[Exercise] Begin at the line with "Knitted Dress Dark Green van Brava Fabrics" and output every line through the end of the records, exactly as given. Omit pictures.

Brief descriptive captions:

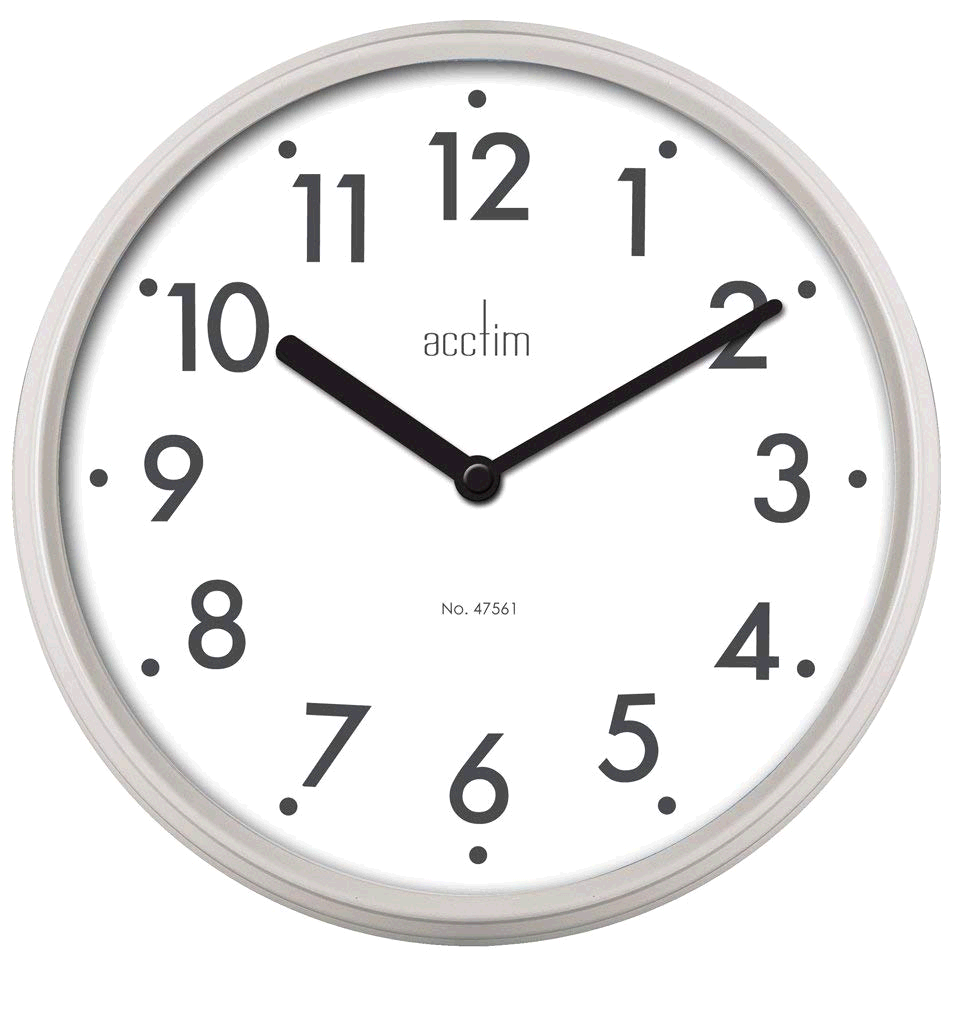 Acctim Thora Wall Clock Metal in Field Mouse Colour 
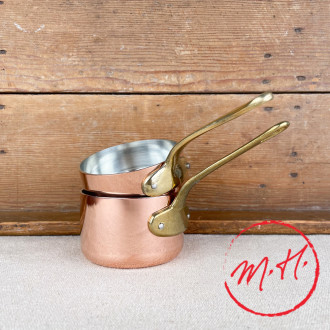 Copper cassolette Brass stem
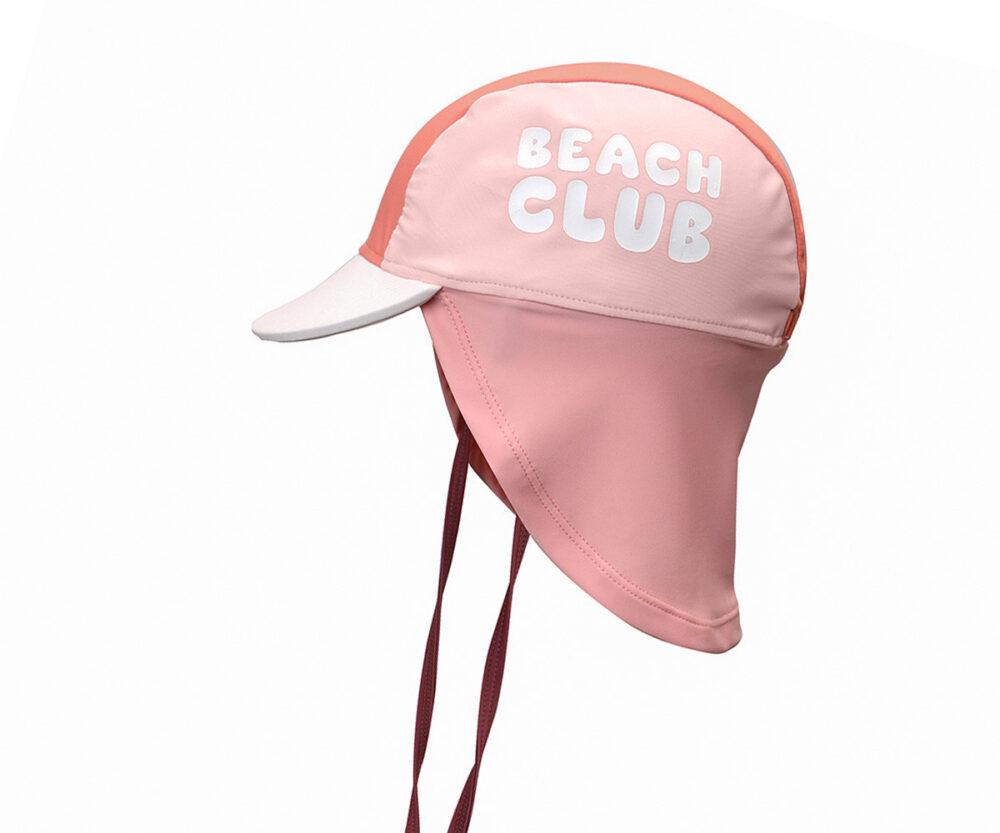 Καπέλο παραλίας Beach Club ροζ με αντιηλιακή προστασία - Monneka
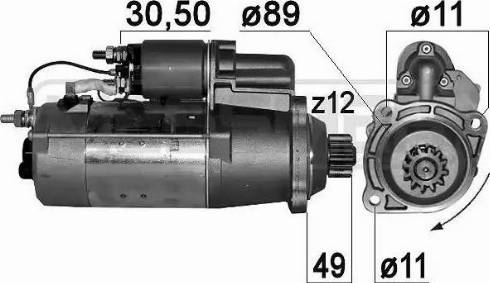 Messmer 220916 - Стартер autospares.lv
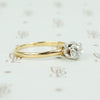 chunky old mine cut diamond solitaire circa 1895 side view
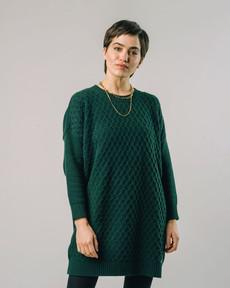 Knitted Dress Dark Green van Brava Fabrics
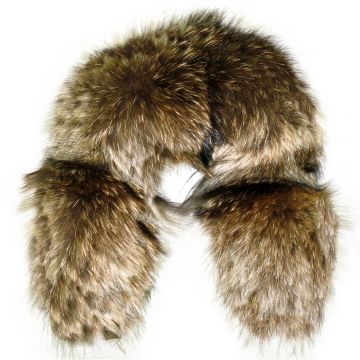Finn Raccoon Fur Ruff - 24 Inch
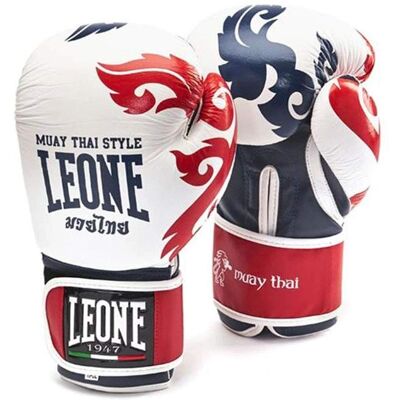 Leone 1947 Bokshandschoenen - Muay Thai, 14oz, Wit Leone 1947 Bokshandschoenen - Muay Thai, 14oz, Wit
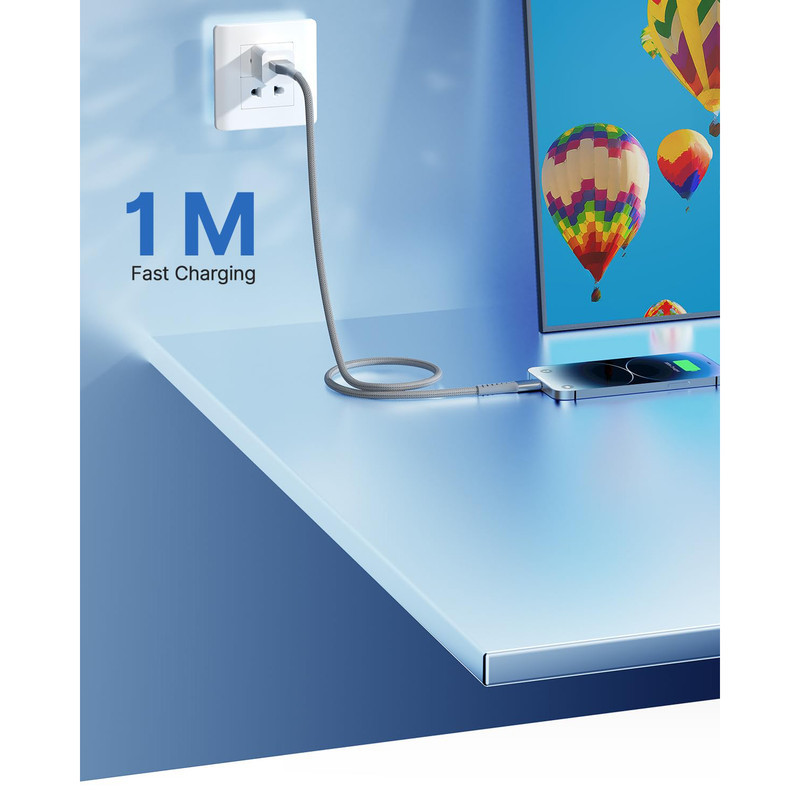 کابل تبدیل USB به لایتنینگ هزول مدل G22 طول 1 متر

[Task solution]
 Knitted Dress Dark Green van Brava Fabrics
Finn Raccoon Fur Ruff - 24 Inch
 Leone 1947 Bokshandschoenen - Muay Thai, 14oz, Wit Leone 1947 Bokshandschoenen - Muay Thai, 14oz, Wit
 کابل تبدیل USB به لایتنینگ هزول مدل G22 طول 1 متر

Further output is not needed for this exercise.